Most of Quay’s negatives are fairly minor: For example, Quay-enhanced Dock/stack menus are a tad slower to appear than Leopard’s stock menus. If you choose to show Finder labels in Quay-enhanced menus, sometimes those labels don’t appear for aliases. And sometimes aliases appear as the original file in Quay-enhanced menus (although I can’t think of any drawbacks to such behavior, wrong though it is).

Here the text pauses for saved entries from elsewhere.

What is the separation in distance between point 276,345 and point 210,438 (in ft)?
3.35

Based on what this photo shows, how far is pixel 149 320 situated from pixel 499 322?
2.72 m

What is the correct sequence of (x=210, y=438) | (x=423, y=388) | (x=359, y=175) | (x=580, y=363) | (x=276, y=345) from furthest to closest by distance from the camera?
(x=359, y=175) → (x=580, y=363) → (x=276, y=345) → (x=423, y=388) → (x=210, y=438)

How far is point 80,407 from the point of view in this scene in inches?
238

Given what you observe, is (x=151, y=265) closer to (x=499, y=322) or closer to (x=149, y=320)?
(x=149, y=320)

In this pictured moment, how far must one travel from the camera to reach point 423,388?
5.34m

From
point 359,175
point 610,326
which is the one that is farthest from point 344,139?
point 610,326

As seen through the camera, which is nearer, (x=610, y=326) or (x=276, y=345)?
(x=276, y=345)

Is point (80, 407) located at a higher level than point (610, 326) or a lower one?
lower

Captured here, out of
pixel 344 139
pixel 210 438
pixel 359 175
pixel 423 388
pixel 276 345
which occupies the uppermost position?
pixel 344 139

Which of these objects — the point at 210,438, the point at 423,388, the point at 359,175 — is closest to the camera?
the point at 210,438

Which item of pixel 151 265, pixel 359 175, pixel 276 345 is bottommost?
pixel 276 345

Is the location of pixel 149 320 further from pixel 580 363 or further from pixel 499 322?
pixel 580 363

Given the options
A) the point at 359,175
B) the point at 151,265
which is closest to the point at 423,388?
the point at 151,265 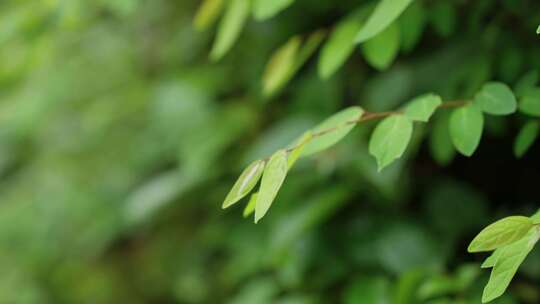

The other two issues I experienced are also minor, but have had more of an effect on my day-to-day work. First, if you place a network-volume-hosted folder in your Dock, both stock and Quay-enhanced Dock menus will display that folder’s contents as long as the volume is mounted. If the volume isn’t mounted, a standard Dock/stack menu attempts to mount the volume; a Quay-enhanced menu simply displays an error. (The Quay menu provides a file:// link to the volume’s path, but clicking on that link doesn’t actually mount the volume as you might expect it to.) The workaround is to Option+click on the folder’s Dock icon. As noted above, this reverts to Leopard’s default behavior—in this case, to mount the volume.
Second, Quay offers no way to set default view options for Quay-enhanced menus. I add folders to and remove folders from the Dock quite frequently, and I usually choose the same set of view options for each. The lack of configurable default-view options means I have to manually set those options for each new folder.
Those minor issues aside, I’ve become a big fan of Quay. If, like me, you’re an avid user of hierarchical Dock menus, Quay takes them to another level.
Quay 1.1b3 requires Mac OS X 10.5 or later.